May 3, 2015

Be A Better Human: Self-Growth in a Post-College World

Post-grad life is radically different from life as a student in many ways, none of which I was the least bit prepared to deal with upon graduating college and becoming a real person.


From kindergarten all the way through college, our lives were rigorously structured by classes, extracurricular activities, school assignments, and organized events. These stimulating experiences made us smarter, taught us important skills, and provided valuable life lessons on a daily basis.

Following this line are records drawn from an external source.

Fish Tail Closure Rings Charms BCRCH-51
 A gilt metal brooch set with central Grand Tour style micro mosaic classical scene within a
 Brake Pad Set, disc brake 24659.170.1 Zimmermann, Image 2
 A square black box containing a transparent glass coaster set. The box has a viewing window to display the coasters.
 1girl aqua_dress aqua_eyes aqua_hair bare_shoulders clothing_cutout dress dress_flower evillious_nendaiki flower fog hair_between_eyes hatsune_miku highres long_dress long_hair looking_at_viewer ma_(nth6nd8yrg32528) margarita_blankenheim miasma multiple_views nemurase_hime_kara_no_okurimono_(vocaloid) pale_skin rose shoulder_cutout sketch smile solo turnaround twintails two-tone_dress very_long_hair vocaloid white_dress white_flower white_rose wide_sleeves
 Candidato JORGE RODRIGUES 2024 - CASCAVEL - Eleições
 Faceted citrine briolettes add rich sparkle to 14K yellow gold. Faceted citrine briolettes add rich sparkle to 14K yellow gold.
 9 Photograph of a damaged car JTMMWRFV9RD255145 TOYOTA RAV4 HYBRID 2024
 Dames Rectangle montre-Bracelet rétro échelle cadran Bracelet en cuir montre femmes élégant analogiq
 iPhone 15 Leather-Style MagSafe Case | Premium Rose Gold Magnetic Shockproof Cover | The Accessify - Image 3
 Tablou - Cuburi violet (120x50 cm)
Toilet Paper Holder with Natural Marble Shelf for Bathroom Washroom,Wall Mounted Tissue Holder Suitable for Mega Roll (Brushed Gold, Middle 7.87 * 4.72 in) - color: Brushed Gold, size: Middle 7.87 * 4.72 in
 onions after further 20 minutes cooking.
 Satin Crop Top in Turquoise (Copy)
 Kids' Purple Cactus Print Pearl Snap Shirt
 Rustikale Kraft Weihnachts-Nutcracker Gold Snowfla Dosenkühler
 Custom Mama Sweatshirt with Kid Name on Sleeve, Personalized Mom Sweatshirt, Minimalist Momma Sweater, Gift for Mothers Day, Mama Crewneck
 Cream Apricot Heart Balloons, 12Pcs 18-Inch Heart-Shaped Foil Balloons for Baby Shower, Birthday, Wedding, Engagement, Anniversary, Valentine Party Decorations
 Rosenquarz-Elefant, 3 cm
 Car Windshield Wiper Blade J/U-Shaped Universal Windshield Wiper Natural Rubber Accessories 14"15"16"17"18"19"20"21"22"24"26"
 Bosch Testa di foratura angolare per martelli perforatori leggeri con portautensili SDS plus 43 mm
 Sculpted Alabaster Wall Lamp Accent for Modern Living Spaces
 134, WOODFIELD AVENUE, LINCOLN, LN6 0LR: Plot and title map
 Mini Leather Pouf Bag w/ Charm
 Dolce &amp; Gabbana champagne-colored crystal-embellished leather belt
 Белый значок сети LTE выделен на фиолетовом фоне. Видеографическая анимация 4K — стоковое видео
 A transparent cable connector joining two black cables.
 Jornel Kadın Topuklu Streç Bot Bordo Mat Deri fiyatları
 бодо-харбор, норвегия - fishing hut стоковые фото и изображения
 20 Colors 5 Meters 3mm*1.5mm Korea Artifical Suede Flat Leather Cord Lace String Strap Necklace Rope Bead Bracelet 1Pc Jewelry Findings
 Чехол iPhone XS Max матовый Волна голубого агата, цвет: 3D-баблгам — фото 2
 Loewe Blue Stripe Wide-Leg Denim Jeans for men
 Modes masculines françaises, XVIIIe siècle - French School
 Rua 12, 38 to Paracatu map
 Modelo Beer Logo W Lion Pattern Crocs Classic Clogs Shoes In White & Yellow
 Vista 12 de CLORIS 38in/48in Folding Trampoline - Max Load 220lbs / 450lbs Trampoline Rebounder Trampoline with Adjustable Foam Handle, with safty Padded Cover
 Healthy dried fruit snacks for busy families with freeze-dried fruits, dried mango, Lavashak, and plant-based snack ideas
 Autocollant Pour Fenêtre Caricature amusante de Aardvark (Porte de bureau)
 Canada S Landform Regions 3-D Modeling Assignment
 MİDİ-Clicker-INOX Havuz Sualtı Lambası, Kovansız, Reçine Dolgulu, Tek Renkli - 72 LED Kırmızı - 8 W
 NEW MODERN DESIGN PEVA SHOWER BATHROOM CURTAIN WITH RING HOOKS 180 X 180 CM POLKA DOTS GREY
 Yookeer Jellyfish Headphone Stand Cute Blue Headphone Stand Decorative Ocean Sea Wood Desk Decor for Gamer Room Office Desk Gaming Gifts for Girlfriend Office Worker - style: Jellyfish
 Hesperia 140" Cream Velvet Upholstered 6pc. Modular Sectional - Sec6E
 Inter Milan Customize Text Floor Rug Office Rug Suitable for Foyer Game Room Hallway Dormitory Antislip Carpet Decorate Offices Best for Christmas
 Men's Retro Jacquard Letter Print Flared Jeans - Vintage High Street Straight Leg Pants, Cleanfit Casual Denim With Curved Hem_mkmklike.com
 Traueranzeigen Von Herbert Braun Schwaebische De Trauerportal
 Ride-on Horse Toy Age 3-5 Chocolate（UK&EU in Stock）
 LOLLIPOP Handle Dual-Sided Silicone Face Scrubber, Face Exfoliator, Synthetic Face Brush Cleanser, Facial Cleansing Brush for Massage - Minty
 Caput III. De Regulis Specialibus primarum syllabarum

We were surrounded by our peers pretty much all the time. In college we lived within a 1 mile radius of all our best friends. But despite these distractions, deadlines for homework assignments, test dates, and parents/teacher disciplinarians forced us to have our shit together and actually accomplish things.

Now, our lives are pretty much the opposite of that. Outside of work, our days lack established structure and our weekends are totally free. We don't have nearly as many easy opportunities for stimulation and growth. Our friends have moved away, and hanging out with people isn't always very convenient.  

When structure and stimuli and friends and deadlines are removed from our lives, most of us choose the path of least resistance. We start watching a lot of Netflix and dedicate a large amount of time to scrolling through our Instagram feeds. Because no one is forcing us to do anything anymore and there are no set goals to achieve, we waste a lot of time on things that are easy and don't require investment but also don't improve us. And thus, we stagnate.


For some of us, we don't even know what we should be working towards.  For others, there are a lot of things we want to do and theoretically could do with all our free time.  I should exercise more.  I should read more.  I want to reconnect with my high school friends.  It would be cool to join a band.  If only I could get a career in graphic design.

We vaguely wish these things would happen, but we don't do anything to make them happen because we don't have accountability or a sense of urgency. Without those, we don't know how to act on our wishes - because we've never learned how.

In our post-grad life, no one will teach us how to be proactive people or how to make effective use of our time. It isn't really part of our culture to actively pursue personal development. Our culture tells us that to succeed, we should have a career others approve of, marry a respectable person, and make money to buy enough things to reassure ourselves that we are indeed successful, and if we do those things we're good to go.
I'll be the first to admit that I've been stagnating since college graduation. I feel like I'm not growing as much as I should be and that I'm wasting my days away, and that scares me.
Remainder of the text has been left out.